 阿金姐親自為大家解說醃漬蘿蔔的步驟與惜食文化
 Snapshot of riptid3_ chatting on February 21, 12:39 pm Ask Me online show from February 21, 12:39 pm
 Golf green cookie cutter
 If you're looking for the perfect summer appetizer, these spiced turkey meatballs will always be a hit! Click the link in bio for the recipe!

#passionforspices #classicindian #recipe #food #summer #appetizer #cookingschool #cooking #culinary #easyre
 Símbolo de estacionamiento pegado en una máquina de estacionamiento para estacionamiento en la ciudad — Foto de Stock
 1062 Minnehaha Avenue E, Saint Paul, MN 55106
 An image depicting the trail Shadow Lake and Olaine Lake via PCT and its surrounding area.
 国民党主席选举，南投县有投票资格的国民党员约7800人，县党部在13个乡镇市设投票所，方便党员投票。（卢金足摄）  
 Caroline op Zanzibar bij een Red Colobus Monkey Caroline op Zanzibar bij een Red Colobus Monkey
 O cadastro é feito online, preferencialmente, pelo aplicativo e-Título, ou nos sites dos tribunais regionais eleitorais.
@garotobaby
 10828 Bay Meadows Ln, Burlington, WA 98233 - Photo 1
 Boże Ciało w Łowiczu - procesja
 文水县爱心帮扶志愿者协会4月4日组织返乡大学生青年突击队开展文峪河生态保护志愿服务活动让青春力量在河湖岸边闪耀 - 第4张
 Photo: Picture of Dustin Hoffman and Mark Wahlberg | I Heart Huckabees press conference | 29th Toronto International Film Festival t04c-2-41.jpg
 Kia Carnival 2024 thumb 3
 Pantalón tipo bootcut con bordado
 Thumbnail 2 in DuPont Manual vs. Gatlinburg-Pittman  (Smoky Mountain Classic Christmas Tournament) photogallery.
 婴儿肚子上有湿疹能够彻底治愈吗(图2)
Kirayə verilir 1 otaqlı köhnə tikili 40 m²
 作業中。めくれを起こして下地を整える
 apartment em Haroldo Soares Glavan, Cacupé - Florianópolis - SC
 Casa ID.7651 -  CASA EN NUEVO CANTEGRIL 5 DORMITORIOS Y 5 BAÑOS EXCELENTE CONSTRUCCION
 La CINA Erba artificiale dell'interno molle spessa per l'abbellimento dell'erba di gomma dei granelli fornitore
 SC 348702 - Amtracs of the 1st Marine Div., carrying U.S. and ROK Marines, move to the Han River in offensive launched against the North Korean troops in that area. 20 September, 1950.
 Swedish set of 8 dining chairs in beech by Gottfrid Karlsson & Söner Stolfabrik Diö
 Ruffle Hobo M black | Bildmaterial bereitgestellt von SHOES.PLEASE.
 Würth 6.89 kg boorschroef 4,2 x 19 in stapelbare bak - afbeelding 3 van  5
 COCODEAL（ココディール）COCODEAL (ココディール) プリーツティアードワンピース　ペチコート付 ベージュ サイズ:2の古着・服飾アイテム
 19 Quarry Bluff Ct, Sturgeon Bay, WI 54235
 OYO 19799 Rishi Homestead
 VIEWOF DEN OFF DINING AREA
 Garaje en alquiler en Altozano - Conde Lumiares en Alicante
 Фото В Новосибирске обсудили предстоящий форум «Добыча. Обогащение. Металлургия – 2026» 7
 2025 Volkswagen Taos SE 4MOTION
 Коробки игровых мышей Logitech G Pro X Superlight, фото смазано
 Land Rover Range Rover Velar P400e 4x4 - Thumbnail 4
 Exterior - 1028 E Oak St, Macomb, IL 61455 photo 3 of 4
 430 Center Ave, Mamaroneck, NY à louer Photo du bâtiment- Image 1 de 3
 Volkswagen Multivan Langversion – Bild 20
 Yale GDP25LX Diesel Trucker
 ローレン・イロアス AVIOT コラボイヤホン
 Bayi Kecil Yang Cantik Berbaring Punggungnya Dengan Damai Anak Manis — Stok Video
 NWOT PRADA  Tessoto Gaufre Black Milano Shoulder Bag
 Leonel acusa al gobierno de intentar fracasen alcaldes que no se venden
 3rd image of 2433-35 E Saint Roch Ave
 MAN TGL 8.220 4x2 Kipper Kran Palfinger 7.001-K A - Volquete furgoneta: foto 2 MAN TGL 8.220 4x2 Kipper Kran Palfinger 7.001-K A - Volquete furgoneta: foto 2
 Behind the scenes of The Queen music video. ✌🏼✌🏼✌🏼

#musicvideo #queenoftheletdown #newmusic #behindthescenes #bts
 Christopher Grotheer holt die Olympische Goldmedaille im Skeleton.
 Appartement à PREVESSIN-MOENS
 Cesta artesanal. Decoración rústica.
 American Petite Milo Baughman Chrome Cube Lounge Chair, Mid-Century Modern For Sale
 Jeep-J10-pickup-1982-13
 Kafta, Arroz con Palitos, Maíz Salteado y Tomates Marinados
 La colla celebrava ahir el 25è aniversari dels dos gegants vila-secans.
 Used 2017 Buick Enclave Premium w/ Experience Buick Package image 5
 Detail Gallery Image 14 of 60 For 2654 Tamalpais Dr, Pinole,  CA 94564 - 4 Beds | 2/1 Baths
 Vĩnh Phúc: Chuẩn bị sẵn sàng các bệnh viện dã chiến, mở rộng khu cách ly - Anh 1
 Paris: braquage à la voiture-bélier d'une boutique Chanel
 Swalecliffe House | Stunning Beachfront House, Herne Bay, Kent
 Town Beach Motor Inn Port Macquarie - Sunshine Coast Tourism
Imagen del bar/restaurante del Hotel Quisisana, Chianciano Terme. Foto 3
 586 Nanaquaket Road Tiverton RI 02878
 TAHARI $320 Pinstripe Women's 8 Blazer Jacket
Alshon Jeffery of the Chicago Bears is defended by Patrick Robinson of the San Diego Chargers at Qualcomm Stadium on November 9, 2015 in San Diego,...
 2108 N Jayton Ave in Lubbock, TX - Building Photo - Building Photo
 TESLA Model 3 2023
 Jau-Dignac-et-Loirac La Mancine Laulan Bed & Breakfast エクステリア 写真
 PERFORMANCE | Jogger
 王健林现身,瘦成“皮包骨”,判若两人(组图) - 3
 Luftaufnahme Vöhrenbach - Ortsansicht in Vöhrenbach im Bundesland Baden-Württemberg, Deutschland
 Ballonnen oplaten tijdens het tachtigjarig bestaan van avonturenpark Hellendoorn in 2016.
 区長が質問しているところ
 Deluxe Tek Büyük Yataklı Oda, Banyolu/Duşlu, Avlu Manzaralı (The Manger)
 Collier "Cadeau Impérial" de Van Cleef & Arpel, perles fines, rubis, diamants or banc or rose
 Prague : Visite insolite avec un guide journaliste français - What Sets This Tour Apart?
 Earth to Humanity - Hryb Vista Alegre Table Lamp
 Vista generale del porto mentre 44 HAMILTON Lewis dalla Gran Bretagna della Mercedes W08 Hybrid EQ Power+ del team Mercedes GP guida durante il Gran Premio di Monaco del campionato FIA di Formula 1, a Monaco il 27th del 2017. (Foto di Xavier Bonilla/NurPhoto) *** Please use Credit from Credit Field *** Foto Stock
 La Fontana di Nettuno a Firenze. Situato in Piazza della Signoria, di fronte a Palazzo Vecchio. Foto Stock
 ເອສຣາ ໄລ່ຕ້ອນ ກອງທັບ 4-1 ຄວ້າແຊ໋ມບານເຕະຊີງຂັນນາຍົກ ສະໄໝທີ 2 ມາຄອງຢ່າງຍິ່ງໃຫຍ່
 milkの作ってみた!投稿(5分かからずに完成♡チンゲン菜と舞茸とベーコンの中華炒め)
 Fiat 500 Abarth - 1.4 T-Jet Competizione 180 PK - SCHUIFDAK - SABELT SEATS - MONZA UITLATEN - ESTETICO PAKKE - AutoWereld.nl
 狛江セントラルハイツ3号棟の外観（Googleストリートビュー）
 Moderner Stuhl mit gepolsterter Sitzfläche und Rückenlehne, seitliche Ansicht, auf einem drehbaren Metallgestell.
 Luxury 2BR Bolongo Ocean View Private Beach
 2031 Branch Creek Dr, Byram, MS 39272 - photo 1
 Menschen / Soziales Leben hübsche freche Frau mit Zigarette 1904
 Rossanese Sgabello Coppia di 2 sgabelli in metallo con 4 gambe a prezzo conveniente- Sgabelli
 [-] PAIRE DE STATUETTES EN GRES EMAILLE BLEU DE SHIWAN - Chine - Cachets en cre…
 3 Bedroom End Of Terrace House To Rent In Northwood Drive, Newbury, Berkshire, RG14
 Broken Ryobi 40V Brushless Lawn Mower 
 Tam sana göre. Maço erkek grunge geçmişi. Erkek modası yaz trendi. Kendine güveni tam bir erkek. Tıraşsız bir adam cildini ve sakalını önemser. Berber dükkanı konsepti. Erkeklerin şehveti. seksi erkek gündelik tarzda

*Goal of the exercise:*
Give back precisely the lines above that start at the line containing "2108 N Jayton" and end at the line containing "Menschen / Soziales", inclusive. No other lines belong in the output.

*Output for this exercise:*
 2108 N Jayton Ave in Lubbock, TX - Building Photo - Building Photo
 TESLA Model 3 2023
 Jau-Dignac-et-Loirac La Mancine Laulan Bed & Breakfast エクステリア 写真
 PERFORMANCE | Jogger
 王健林现身,瘦成“皮包骨”,判若两人(组图) - 3
 Luftaufnahme Vöhrenbach - Ortsansicht in Vöhrenbach im Bundesland Baden-Württemberg, Deutschland
 Ballonnen oplaten tijdens het tachtigjarig bestaan van avonturenpark Hellendoorn in 2016.
 区長が質問しているところ
 Deluxe Tek Büyük Yataklı Oda, Banyolu/Duşlu, Avlu Manzaralı (The Manger)
 Collier "Cadeau Impérial" de Van Cleef & Arpel, perles fines, rubis, diamants or banc or rose
 Prague : Visite insolite avec un guide journaliste français - What Sets This Tour Apart?
 Earth to Humanity - Hryb Vista Alegre Table Lamp
 Vista generale del porto mentre 44 HAMILTON Lewis dalla Gran Bretagna della Mercedes W08 Hybrid EQ Power+ del team Mercedes GP guida durante il Gran Premio di Monaco del campionato FIA di Formula 1, a Monaco il 27th del 2017. (Foto di Xavier Bonilla/NurPhoto) *** Please use Credit from Credit Field *** Foto Stock
 La Fontana di Nettuno a Firenze. Situato in Piazza della Signoria, di fronte a Palazzo Vecchio. Foto Stock
 ເອສຣາ ໄລ່ຕ້ອນ ກອງທັບ 4-1 ຄວ້າແຊ໋ມບານເຕະຊີງຂັນນາຍົກ ສະໄໝທີ 2 ມາຄອງຢ່າງຍິ່ງໃຫຍ່
 milkの作ってみた!投稿(5分かからずに完成♡チンゲン菜と舞茸とベーコンの中華炒め)
 Fiat 500 Abarth - 1.4 T-Jet Competizione 180 PK - SCHUIFDAK - SABELT SEATS - MONZA UITLATEN - ESTETICO PAKKE - AutoWereld.nl
 狛江セントラルハイツ3号棟の外観（Googleストリートビュー）
 Moderner Stuhl mit gepolsterter Sitzfläche und Rückenlehne, seitliche Ansicht, auf einem drehbaren Metallgestell.
 Luxury 2BR Bolongo Ocean View Private Beach
 2031 Branch Creek Dr, Byram, MS 39272 - photo 1
 Menschen / Soziales Leben hübsche freche Frau mit Zigarette 1904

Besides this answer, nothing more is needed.